XXI

A figura minúscula de Sabbar foi-se perdendo à distância, agora um mero ponto a afastar-se na praia, desaparecendo à medida que o barco de pesca cortava as águas escuras do Cáspio e rumava para o mar alto. As gaivotas adejavam baixo, escoltando a embarcação na vã esperança de lhes ser atirado mais algum peixe, mas os marinheiros não se compadeceram com as súplicas implícitas nos insistentes 148


grasnares e permaneceram concentrados na navegação, as horas de ócio na brincadeira com as aves tinham definitivamente terminado.

Um vulto acercou-se de Tomás. O português pressentiu aquela presença e virou a cabeça para acolher o recém-chegado. Era Mohammed. O capitão do pesqueiro permaneceu um instante calado, também ele a contemplar a sombra distante de Sabbar a esfumar-se no areal. Mohammed era um azeri de barba grisalha, embora o seu aspecto bem tratado, com pele sedosa e unhas brancas impecavelmente aparadas, traísse o fato de que aquele não era nenhum pescador, mas antes um vivido homem da cidade.

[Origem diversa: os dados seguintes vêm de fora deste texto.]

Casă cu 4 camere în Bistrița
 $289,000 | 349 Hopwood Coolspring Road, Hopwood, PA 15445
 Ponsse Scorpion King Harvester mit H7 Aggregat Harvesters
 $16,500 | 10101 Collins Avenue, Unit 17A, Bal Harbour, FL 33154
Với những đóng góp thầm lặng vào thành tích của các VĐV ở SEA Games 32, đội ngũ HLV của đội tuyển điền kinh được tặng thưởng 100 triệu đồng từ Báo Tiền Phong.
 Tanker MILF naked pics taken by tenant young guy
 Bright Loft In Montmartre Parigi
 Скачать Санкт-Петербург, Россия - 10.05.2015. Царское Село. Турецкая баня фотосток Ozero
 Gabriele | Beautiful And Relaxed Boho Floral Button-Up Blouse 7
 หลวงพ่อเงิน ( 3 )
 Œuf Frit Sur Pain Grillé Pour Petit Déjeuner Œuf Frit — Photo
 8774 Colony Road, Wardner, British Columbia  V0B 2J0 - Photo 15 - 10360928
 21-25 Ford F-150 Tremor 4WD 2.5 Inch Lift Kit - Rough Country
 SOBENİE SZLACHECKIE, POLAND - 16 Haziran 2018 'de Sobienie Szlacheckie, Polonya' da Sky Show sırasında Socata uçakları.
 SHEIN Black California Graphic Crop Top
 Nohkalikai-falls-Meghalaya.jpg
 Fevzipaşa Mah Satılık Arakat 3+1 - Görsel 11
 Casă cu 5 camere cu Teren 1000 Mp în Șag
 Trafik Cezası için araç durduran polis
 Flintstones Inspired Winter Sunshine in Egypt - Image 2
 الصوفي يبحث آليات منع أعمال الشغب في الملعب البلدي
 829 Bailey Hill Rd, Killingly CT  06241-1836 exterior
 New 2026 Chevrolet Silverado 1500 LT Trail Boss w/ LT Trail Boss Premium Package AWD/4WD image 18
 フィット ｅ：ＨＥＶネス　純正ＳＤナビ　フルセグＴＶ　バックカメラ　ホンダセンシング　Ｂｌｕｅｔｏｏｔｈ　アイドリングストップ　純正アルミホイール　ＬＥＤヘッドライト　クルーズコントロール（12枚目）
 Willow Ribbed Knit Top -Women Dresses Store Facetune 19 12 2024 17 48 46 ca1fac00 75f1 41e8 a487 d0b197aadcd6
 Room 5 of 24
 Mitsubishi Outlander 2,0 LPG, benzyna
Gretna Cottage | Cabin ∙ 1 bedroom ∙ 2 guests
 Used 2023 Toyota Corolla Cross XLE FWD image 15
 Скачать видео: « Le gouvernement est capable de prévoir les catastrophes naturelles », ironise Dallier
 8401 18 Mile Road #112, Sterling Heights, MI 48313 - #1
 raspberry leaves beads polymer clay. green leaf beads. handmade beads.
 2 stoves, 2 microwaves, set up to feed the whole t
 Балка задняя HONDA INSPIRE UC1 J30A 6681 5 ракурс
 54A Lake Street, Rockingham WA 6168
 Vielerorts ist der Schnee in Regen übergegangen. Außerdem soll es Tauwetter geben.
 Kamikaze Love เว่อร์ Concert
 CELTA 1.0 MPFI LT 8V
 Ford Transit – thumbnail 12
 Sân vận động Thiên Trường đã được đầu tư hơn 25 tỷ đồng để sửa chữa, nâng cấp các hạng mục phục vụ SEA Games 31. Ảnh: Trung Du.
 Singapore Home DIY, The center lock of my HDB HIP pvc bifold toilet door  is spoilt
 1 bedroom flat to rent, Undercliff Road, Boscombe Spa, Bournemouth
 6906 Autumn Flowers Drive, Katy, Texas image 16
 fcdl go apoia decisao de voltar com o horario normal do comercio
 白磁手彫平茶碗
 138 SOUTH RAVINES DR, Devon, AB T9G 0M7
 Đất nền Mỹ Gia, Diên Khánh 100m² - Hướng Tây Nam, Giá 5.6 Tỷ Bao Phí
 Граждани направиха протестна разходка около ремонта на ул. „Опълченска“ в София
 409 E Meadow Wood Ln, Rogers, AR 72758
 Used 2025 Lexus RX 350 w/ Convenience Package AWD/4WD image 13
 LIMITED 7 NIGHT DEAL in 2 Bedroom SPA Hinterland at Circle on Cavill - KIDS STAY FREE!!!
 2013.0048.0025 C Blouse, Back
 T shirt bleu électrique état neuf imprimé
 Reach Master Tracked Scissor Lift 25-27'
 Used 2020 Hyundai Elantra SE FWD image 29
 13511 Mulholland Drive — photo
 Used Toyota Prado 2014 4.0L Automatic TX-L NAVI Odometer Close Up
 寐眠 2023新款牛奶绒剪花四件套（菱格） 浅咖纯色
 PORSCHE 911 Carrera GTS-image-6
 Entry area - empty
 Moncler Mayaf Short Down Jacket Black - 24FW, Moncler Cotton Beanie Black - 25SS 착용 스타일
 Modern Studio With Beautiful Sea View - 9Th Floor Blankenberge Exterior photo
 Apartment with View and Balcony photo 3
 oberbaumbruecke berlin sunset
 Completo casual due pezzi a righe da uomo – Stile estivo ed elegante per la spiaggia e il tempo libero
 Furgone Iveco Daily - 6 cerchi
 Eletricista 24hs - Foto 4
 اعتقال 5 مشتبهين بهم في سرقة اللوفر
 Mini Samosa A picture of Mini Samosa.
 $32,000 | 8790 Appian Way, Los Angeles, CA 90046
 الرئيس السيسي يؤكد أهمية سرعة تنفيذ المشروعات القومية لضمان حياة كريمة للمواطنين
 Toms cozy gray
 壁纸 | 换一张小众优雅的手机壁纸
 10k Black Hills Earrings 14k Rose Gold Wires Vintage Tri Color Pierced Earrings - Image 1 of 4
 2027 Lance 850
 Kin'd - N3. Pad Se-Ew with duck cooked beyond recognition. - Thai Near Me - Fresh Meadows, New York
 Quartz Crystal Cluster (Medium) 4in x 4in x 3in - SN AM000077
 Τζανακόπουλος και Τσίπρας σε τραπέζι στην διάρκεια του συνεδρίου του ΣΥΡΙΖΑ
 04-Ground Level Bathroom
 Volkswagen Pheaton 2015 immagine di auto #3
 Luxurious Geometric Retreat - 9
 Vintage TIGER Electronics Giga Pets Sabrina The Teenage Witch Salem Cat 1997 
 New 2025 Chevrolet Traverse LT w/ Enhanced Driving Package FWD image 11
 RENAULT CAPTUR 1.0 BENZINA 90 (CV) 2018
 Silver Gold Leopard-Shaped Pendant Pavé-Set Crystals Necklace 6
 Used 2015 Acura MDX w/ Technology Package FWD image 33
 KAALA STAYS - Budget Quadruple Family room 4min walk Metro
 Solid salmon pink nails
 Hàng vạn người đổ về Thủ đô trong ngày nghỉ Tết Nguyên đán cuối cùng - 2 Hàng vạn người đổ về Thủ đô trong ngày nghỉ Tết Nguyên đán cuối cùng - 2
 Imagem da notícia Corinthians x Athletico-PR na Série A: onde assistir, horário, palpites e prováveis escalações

"Foi por pouco", comentou Mohammed. "Mais um dia e íamo-nos embora, hem?

Teve sorte em ainda nos encontrar por cá."

"Eu sei."

Fez um gesto na direção da praia enfim deserta, já abandonada por Sabbar.

"Aquele também é dos nossos?"

"Sabbar?"

"Sim. É também um homem nosso?"

Tomás abanou a cabeça.

"Não."

"Então quem é?"

"É um motorista."

"Um motorista?" Soergueu o sobronho. "Como assim? A sua identidade foi controlada?"

Tomás suspirou, fatigado.


"É uma longa história", disse. "Mas o Sabbar é uma de várias pessoas que me salvou a vida. Se não fosse ele, eu não estaria aqui."

Mohammed não teceu mais comentários sobre o assunto, embora fosse visível que não apreciava improvisações com desconhecidos; tratava-se de trabalho pouco profissional. Mas nada mais acrescentou, a verdade é que, profissional ou não, o seu passageiro lograra ali chegar em condições muito adversas e isso era algo que tinha de respeitar.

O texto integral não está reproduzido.